Which can cause considerable "amusement" depending on the provider - one I won't name directly but is much more centered on actual renting racks than their (now) cloud offering - if you had a virtual machine older than a year or so, deleting and restoring it would get you on a newer "host" and you'd be faster for the same cost.
Otherwise it'd stay on the same physical piece of hardware it was allocated to when new.
"Hardware degradation detected, please turn it off and back on again"
I could do a migration with zero downtime in VMware for a decade but they can't seamlessly move my VM to a machine that works in 2024? Great, thanks. Amusing.
It's better (and better still with other providers) but I naively thought that "add more RAM" or "add more disk" was something they would be able to do with a reboot at most.
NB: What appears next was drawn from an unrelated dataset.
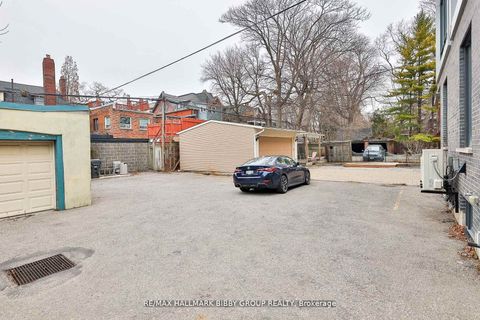 Photo 41 at 4 - 126 Spadina Road, Annex, Toronto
Resizing VMs doesn't really fit the "cattle" thinking of public cloud, although IMO that was kind of a premature optimization. This would be a perfect use case for live migration.
Cloud makes provisioning more servers quicker because you are paying someone to basically have a bunch of servers ready to go right away with an API call instead of a phone call, maintained by a team that isn’t yours, with economies of scale working for the provider.
Cloud does not do anything else.
None of these latency/speed problems are cloud-specific. If you have on-premise servers and you are storing your data on network-attached storage, you have the exact same problems (and also the same advantages).
Unfortunately the gap between local and network storage is wide. You win some, you lose some.
Oh, I'm not a complete neophyte (in what seems like a different life now, I worked for a big hosting provider actually), I was just surprised that there was a big penalty for cross-VPC traffic implied by the parent poster.
It's more of a matter of adding additional abstraction layers. For example in most public clouds the best you can hope for is to place two things in the same availability zone to get the best performance. But when I worked at Google, internally they had more sophisticated colocation constraint than that: for example you can require two things to be on the same rack.